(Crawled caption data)
════

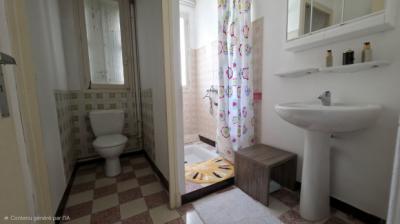 Detached Villa a Stone's Throw From The Town Centre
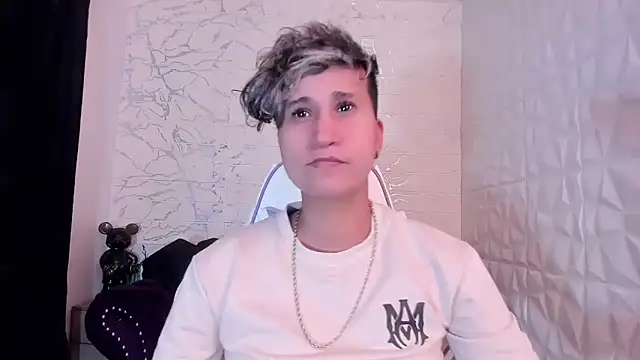 Im Milan Rs online show from March 9, 2025, 9:24 am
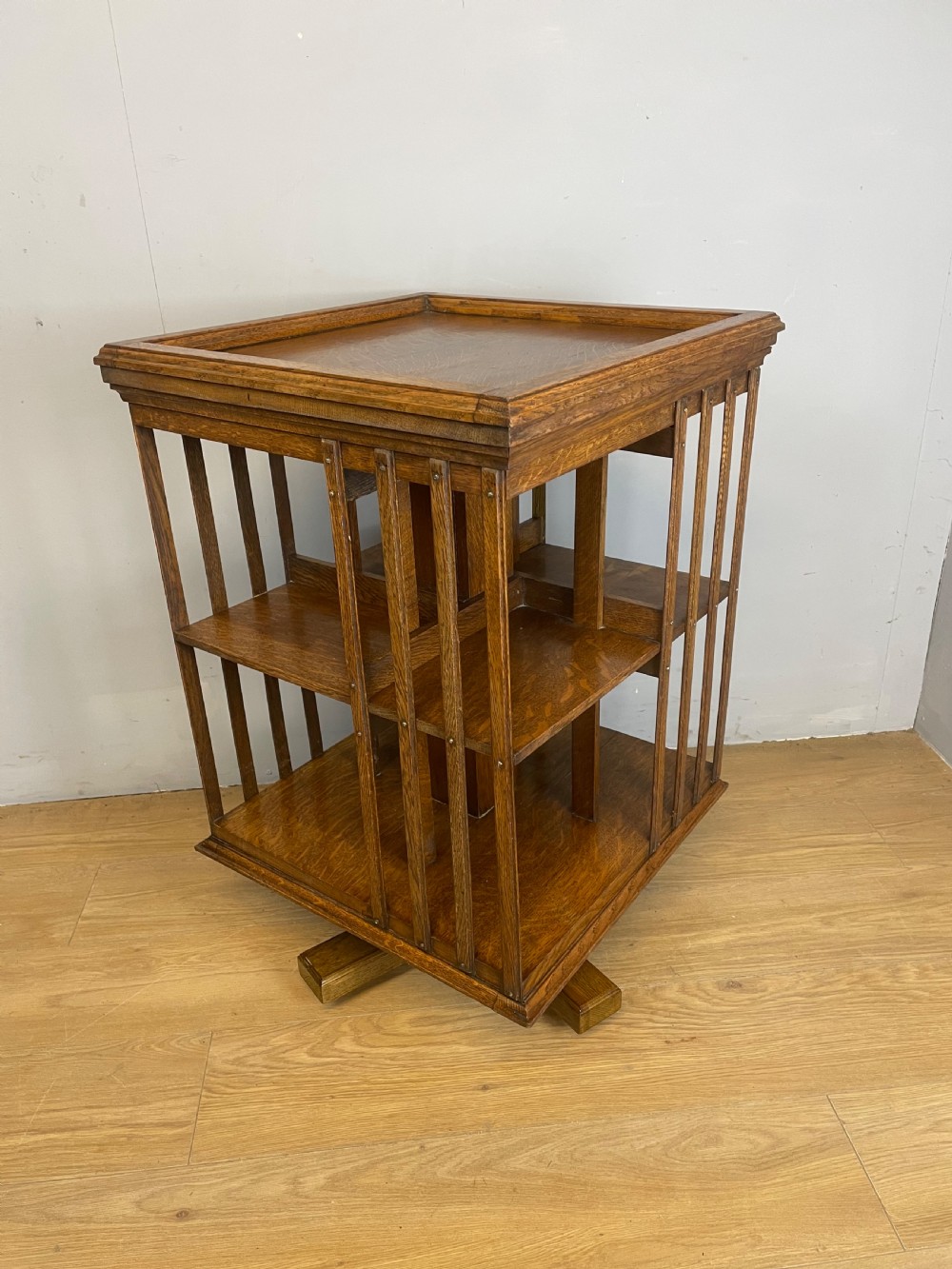 Arts and Crafts solid oak rotating bookcase  View VIII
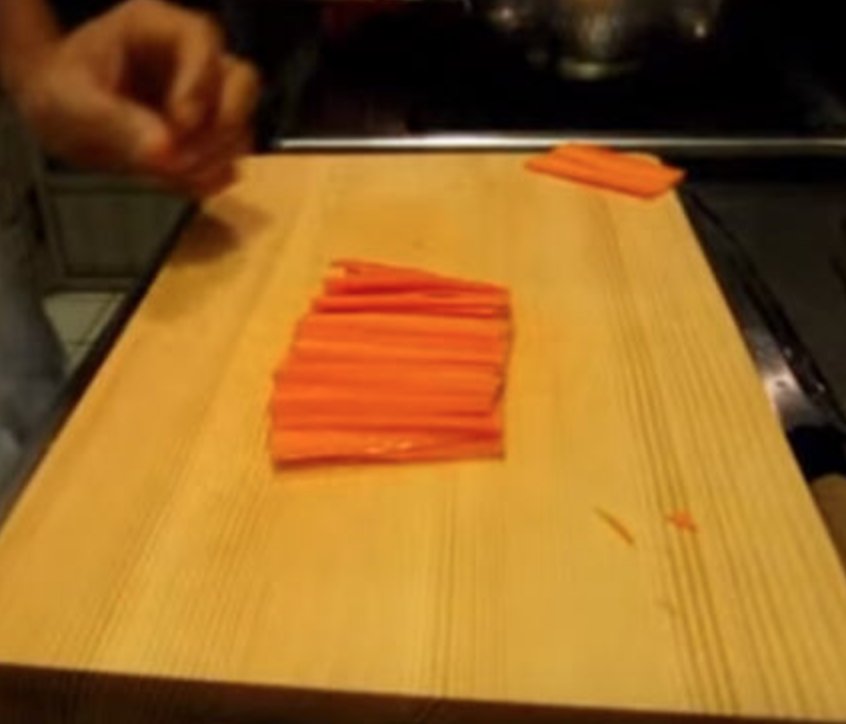 胡萝卜切成丝怎么切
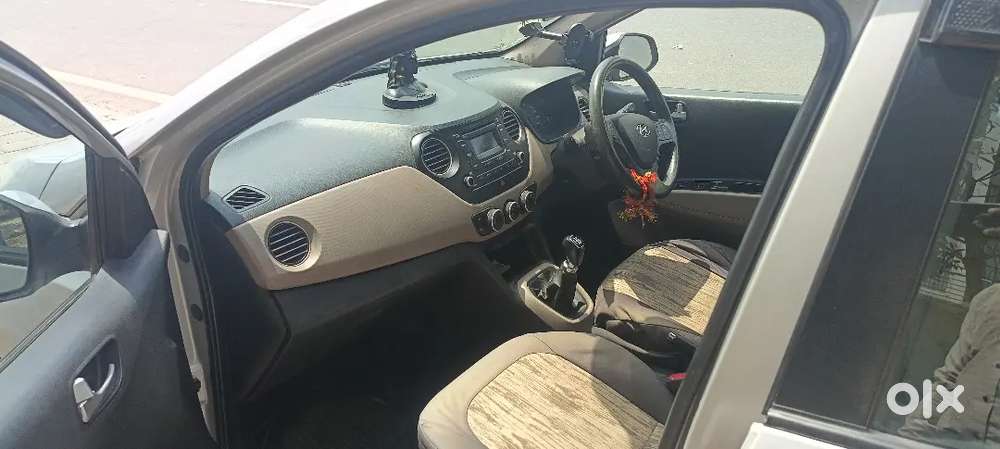 Hyundai Xcent Petrol 2015 Model 11 Mahina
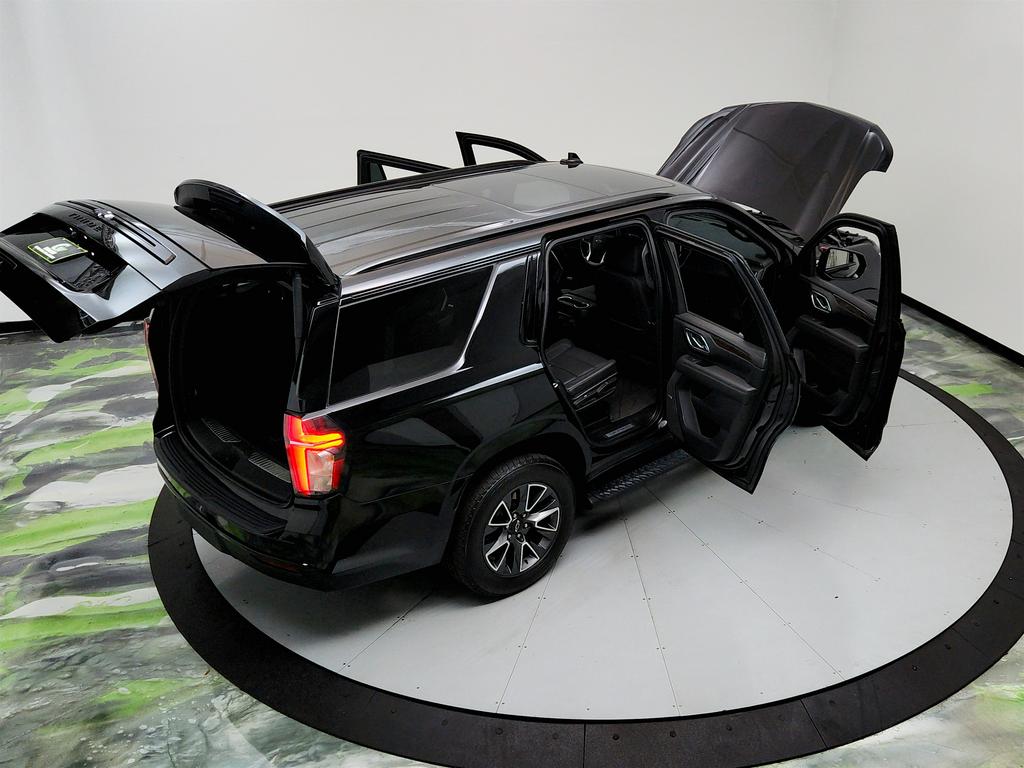 2023 Chevrolet Tahoe Z71 photo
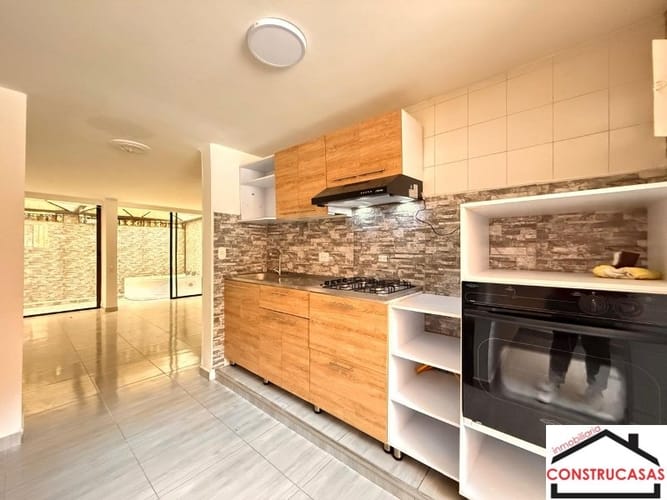 Casa de 4 alcobas en arriendo en Loma De Los Bernal, Medellín, 150 m² · foto 2 de 21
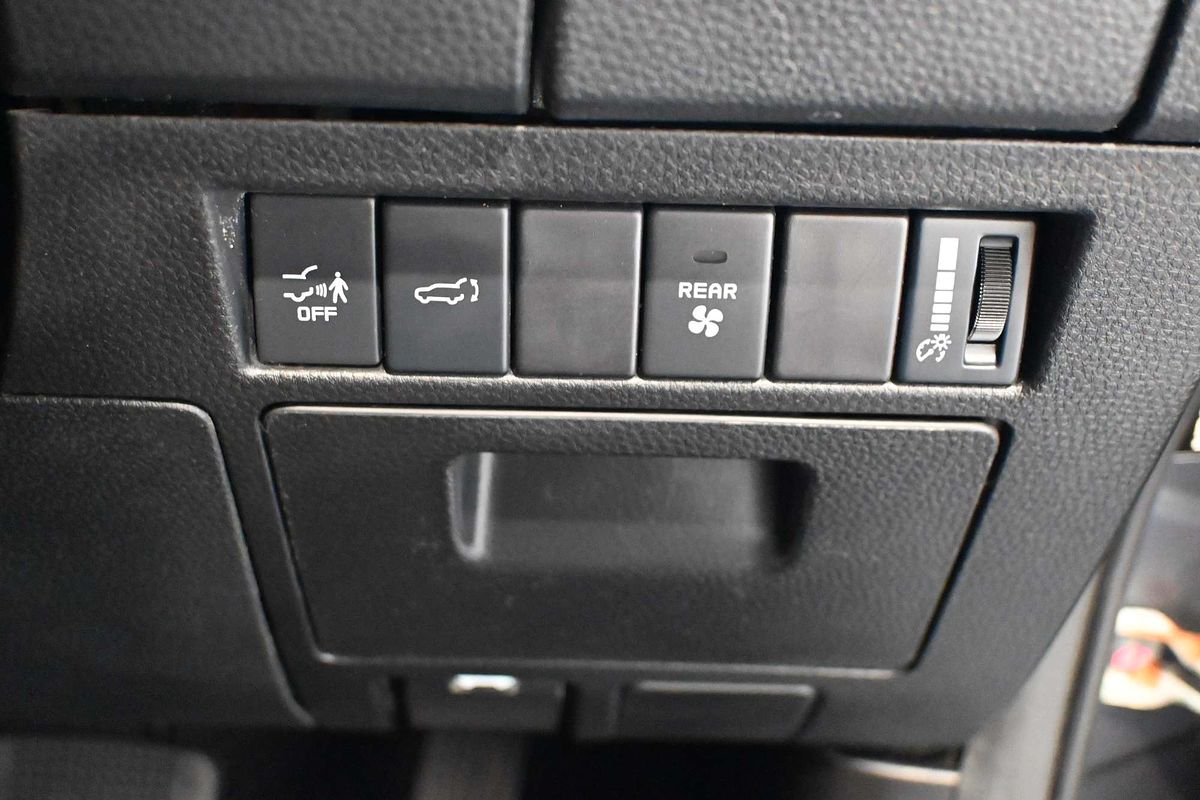 2022 Isuzu MU-X LS-T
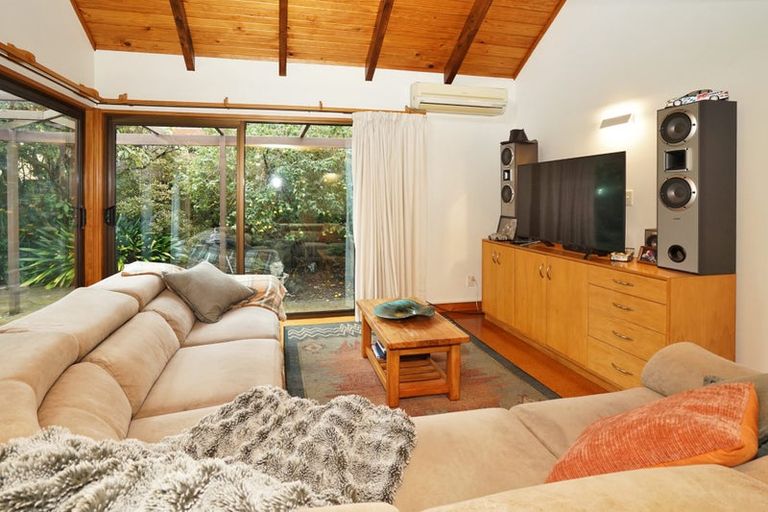 Photo of property in 12 Cooper Place, Chedworth, Hamilton, 3210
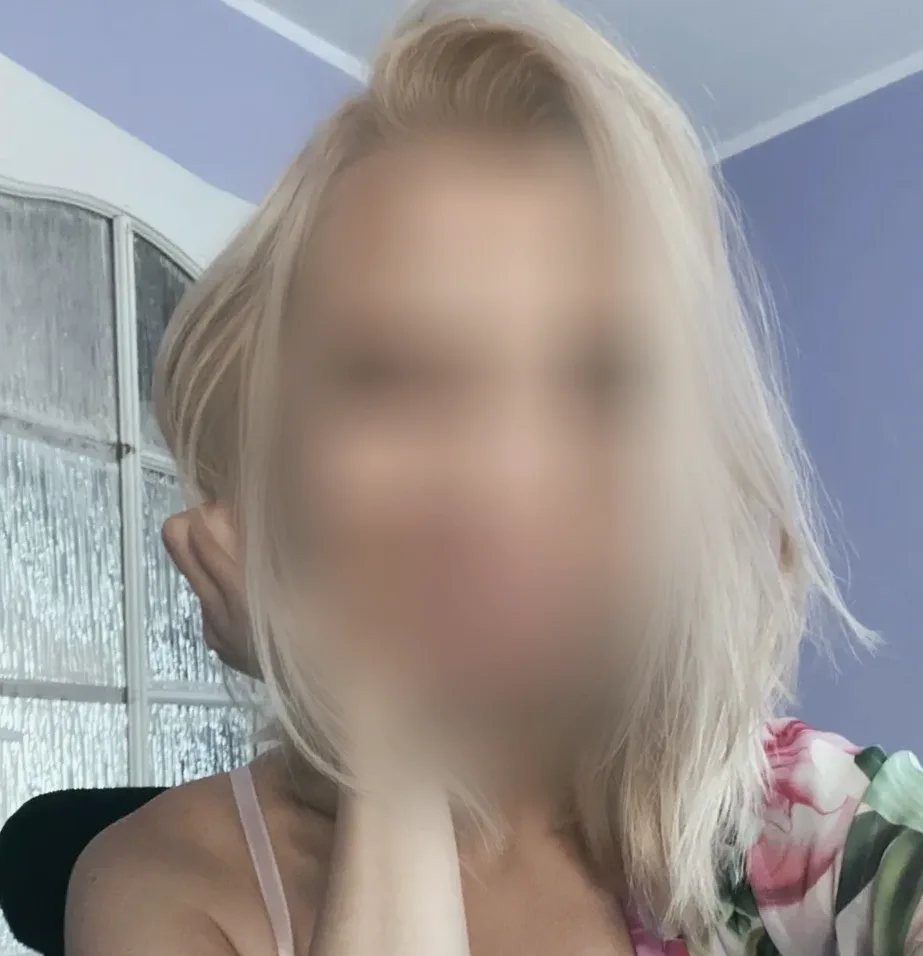 Karolina, 31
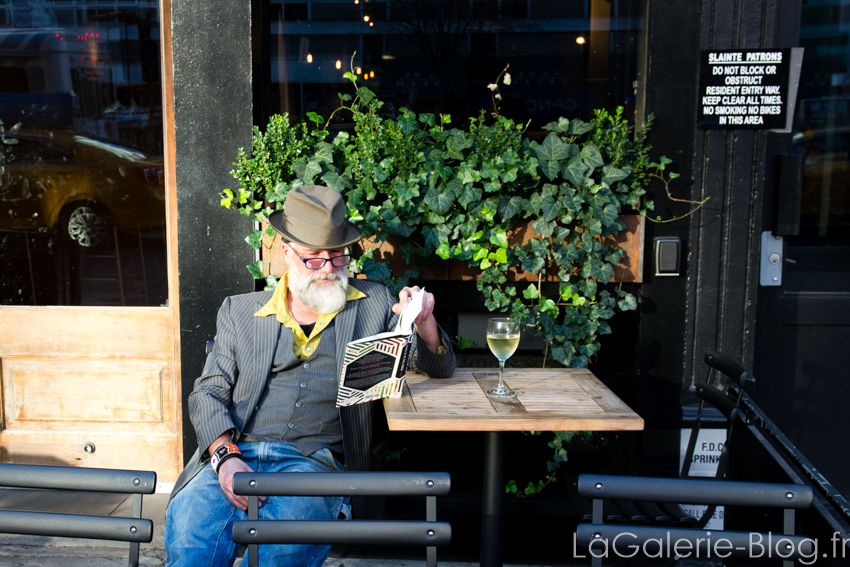 un homme à la terrasse d'un café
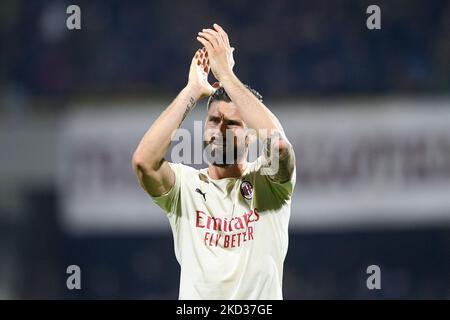 Olivier Giroud di AC Milan gesta durante la Serie Una partita tra US Salernitana 1919 e AC Milan allo Stadio Arechi di Salerno, Italia, il 19 febbraio 2022. (Foto di Giuseppe Maffia/NurPhoto) Foto Stock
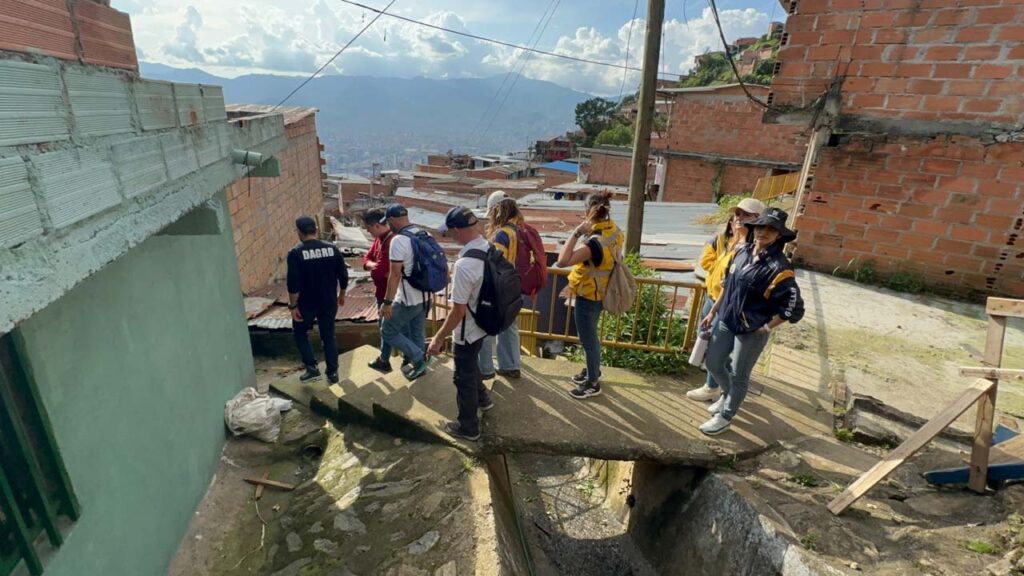 Imagen habitantes de zonas de alto riesgo de Medellín (1)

════

Each line from the one holding "Arts and Crafts" through the last line of the records above must be duplicated exactly, and pictures must not be.

_Solution to this task_:
 Arts and Crafts solid oak rotating bookcase  View VIII
 胡萝卜切成丝怎么切
 Hyundai Xcent Petrol 2015 Model 11 Mahina
 2023 Chevrolet Tahoe Z71 photo
 Casa de 4 alcobas en arriendo en Loma De Los Bernal, Medellín, 150 m² · foto 2 de 21
 2022 Isuzu MU-X LS-T
 Photo of property in 12 Cooper Place, Chedworth, Hamilton, 3210
 Karolina, 31
 un homme à la terrasse d'un café
 Olivier Giroud di AC Milan gesta durante la Serie Una partita tra US Salernitana 1919 e AC Milan allo Stadio Arechi di Salerno, Italia, il 19 febbraio 2022. (Foto di Giuseppe Maffia/NurPhoto) Foto Stock
 Imagen habitantes de zonas de alto riesgo de Medellín (1)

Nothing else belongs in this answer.